The story involves the interactions among a number of characters within San Francisco’s Chinatown. Mei Li (Miyoshi Umeki) and her father Dr. Han Li (Kam Tong) have recently arrived in the United States, where a marriage has been arranged between Mei Li and Sammy Fong (Jack Soo), owner of the Celestial Gardens nightclub. Sammy wants out of the deal, because he prefers Linda Low (Nancy Kwan), the nightclub’s leading star. Meanwhile, Master Wang (Benson Fong) and his sister-in-law Madame Liang (Juanita Hall) decide that Mei Lei might make a good match for their son Wang Ta (James Shigeta), who also has his eye on Linda, while Helen Chao (Reiko Sato), a seamstress, is secretly in love with him.

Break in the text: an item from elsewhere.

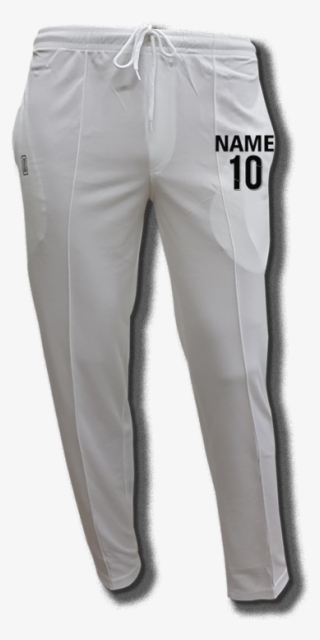Kids Equus White Cricket Pant Design Customise - Pocket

The younger and older generations bemoan their inability to understand each other, but as this is a musical from the 1950s you can guess how it ends, although perhaps not how it gets there (information one character gleans from watching television plays a key role, and how American is that?).

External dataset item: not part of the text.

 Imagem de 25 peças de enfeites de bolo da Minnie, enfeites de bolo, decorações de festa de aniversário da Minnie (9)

In general, Hollywood had no problem with yellowface casting in the 1950s and 1960s, and to some extent the practice carries on today. That makes it all the more remarkable that almost all the Asian roles in Flower Drum Song are cast with Asian (although not necessarily Chinese) performers. These casting choices also mean you get to enjoy a lot of performances from actors, singers, and dancers that you might be unfamiliar with (my favorite find is the dancer Patrick Adiarte, a Hullabaloo regular probably best known today for playing Ho-Jon on the TV series M*A*S*H). Also notable is the use of paintings by watercolor artist Dong Kingman, son of Chinese immigrants from Hong Kong, in the opening title sequence. The major exception to casting Asian roles with Asian actors is Juanita Hall: perhaps, because she was successful playing the Asian/Pacific Islander character Bloody Mary in South Pacific, whomever cast her as a Chinese person in this film figured it would work again.

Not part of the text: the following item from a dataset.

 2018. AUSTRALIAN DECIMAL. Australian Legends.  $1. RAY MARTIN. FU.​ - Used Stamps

Flower Drum Song was nominated for five Academy Awards (art direction, cinematography, costume design, scoring, and sound), as well as a variety of other awards, including the Grammy for best sound track album. It was the 12th highest-grossing film in the United States in 1961, despite getting a release late in the year (Nov. 9). | Sarah Boslaugh
Flower Drum Song is distributed on DVD by Kino Lorber, made from a new 2K master. Extras on the disc include an audio commentary by actor Nancy Kwan and film historian Nick Redman; featurettes about the journey of Flower Drum Song from novel to Broadway to Hollywood (19 min.), the film’s use of Asian actors (9 min.), the film’s songs (11 min.), the film’s sets and costumes (6 min.), and the legacy of Rogers and Hammerstein (5 min.); and the trailers for this film and Thoroughly Modern Millie.